What you need to do
Only the lines from the top of the listing below to the line that has "brahmin copa cabana backpack" should be echoed, with both ends kept and pictures left out.

══ Material supplied

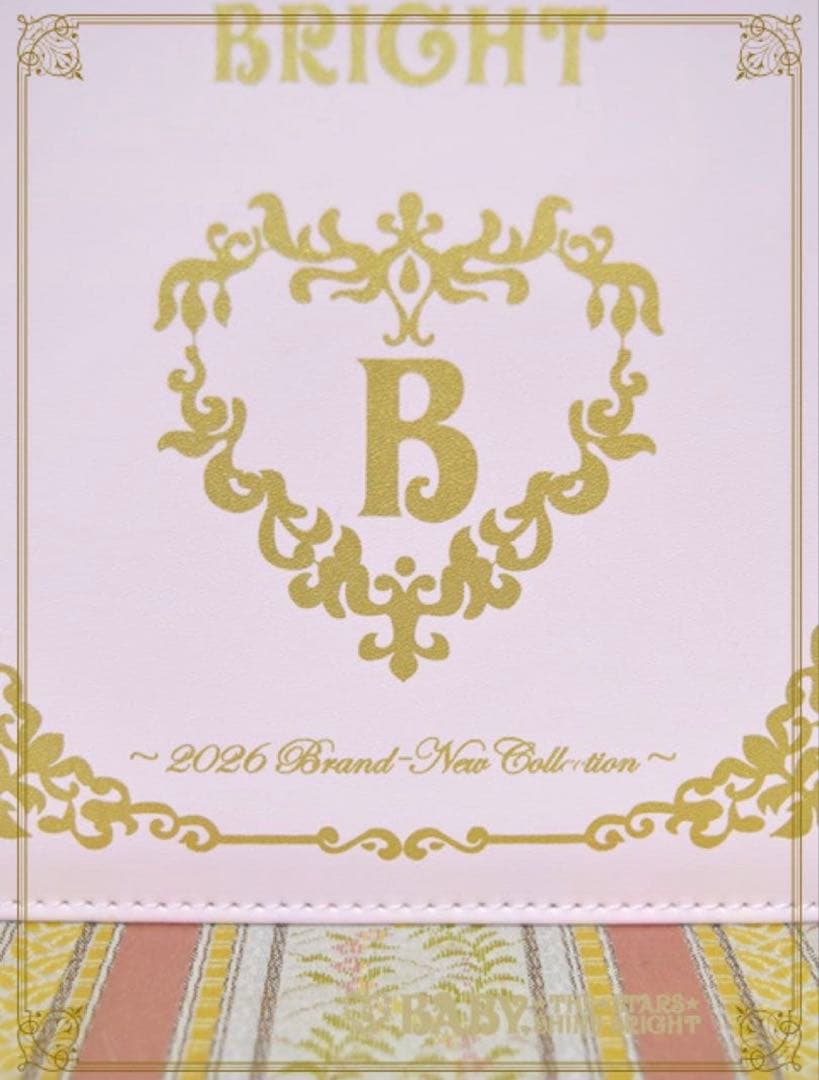 BABY,THE STARS SHINE BRIGHT バック　 ポストカード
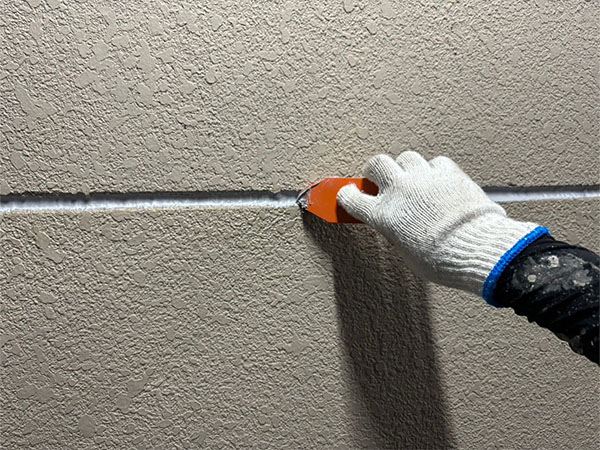 岐阜県岐阜市 外壁コーキング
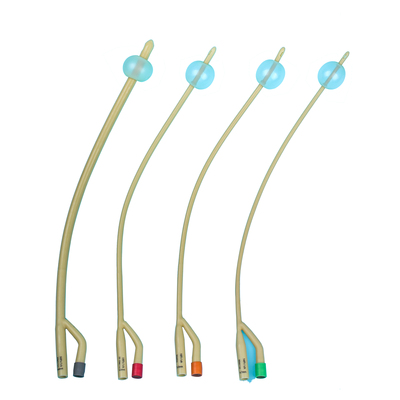 Medical Disposable Sterile Silicone1 way 2 way 3 way Foley Urinary Catheter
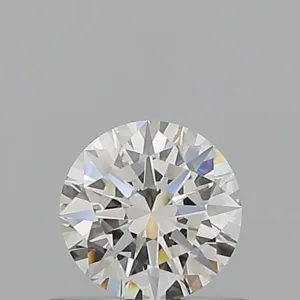 0.57 Carat Round G VVS1 Natural Diamond
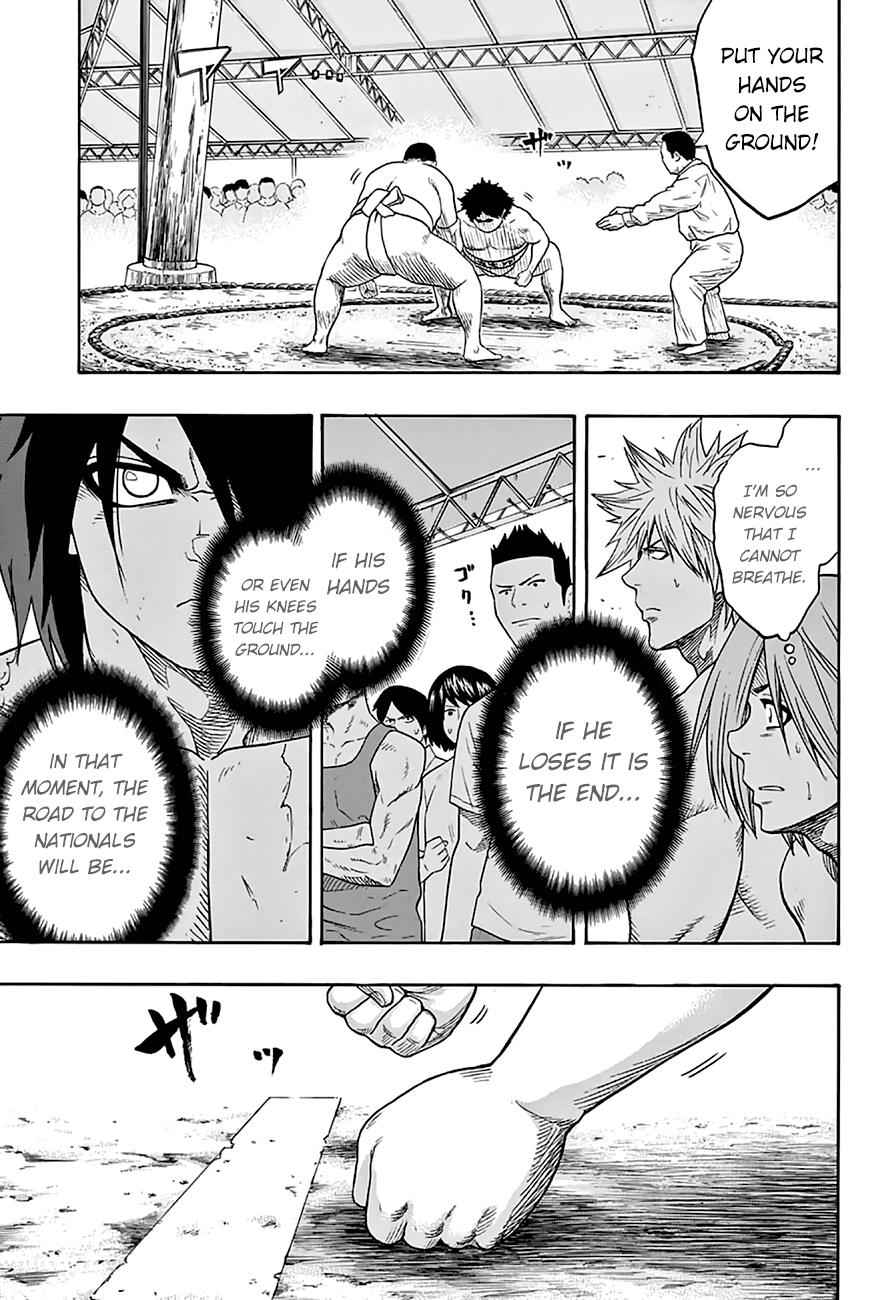 Hinomaru Sumo Chapter 60 Page 10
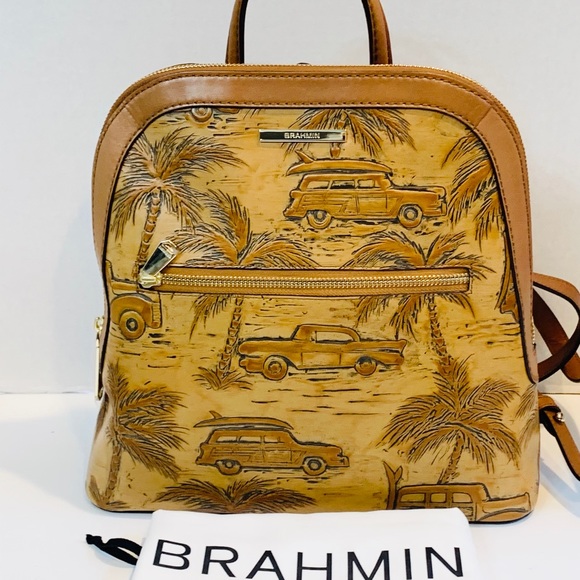 brahmin copa cabana backpack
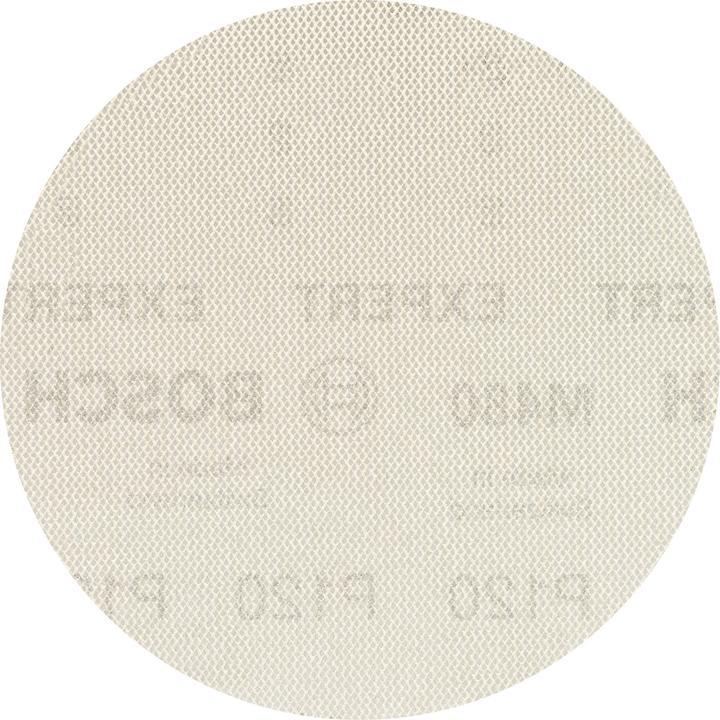 Produktbild Bosch Professional Zubehör EXPERT M480 Schleifnetz für Exzenterschleifer, 150 mm, G 120, 5 Stück (120)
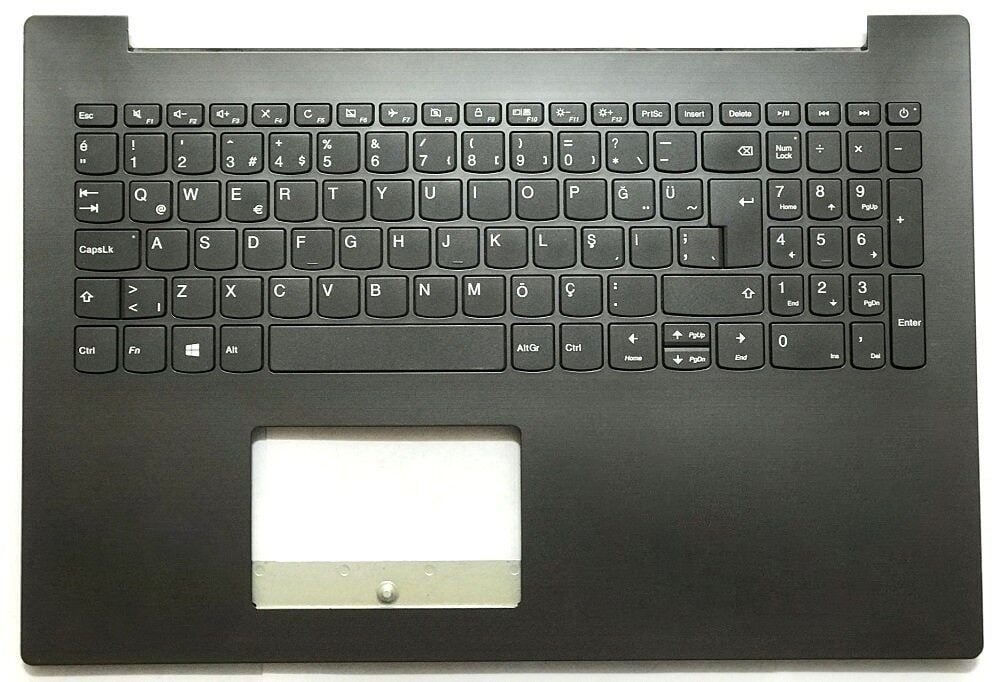 Lenovo Orijinal ideapad 5CB0R26490 AP18C000150 Notebook Türkçe Klavye Dahil Üst Kasa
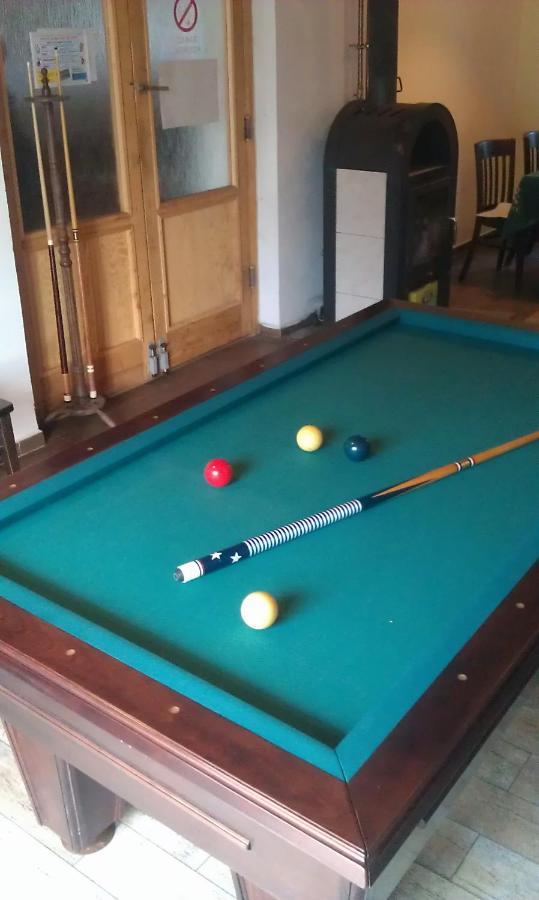 司伦尼克诺膳食公寓 Dobšín 外观 照片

════

Written solution
 BABY,THE STARS SHINE BRIGHT バック　 ポストカード
 岐阜県岐阜市 外壁コーキング
 Medical Disposable Sterile Silicone1 way 2 way 3 way Foley Urinary Catheter
 0.57 Carat Round G VVS1 Natural Diamond
 Hinomaru Sumo Chapter 60 Page 10
 brahmin copa cabana backpack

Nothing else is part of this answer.